AGENDA CULTURAL

2.4.21

Alcatra, uma reportagem policial - Antônio Reis*

Dois homens encapuzados invadiram a casa da vendedora Maria Cloroquina Pascoal e levaram três quilos de alcatra que estavam na geladeira. O furto aconteceu na noite de 31 de março. No momento do crime a vítima ouvia um disco de Edith Piá. A vendedora registrou boletim de ocorrência na tentativa de reaver o alimento, estimado em R$ 150,00 e comprado em prestações pelo cartão de crédito.
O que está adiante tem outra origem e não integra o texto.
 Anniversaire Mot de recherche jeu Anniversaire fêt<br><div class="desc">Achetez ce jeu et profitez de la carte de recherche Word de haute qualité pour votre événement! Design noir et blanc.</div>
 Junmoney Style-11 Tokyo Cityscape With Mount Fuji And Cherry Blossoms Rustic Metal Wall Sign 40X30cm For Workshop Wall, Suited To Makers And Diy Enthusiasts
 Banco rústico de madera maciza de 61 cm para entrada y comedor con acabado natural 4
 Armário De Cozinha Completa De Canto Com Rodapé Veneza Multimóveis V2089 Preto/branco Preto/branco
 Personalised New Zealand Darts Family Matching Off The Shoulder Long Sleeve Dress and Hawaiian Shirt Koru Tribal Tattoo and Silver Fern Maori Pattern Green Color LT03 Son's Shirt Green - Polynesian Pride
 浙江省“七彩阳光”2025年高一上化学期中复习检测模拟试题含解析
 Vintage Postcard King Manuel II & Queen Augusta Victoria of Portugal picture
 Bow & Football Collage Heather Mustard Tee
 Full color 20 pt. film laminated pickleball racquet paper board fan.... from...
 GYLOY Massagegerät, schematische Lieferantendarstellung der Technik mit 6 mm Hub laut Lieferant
O crime revoltou os moradores do bairro Nosso Senhor Acima de Tudo, que no dia seguinte, em 1º de abril, fizeram um protesto em frente à casa da vítima pedindo justiça e punição exemplar aos bandidos. Os manifestantes vestiam camisa amarela da seleção brasileira, faziam arminhas com as mãos e prometiam linchar os criminosos. Os mais exaltados exigiam a volta do AI-5.

Além de gritar palavras de ordem, como “bandido bom é bandido morto”, um rapaz loiro, de físico atlético e uma suástica tatuada no braço direito, propôs uma pauta de costumes. Ele colhia adesão a um abaixo-assinado para expulsar do Nosso Senhor Acima de Tudo um designer assumidamente gay. “Esse lixo defende ideologia de gênero e prega o racismo inverso”, discursou o loiro bombado.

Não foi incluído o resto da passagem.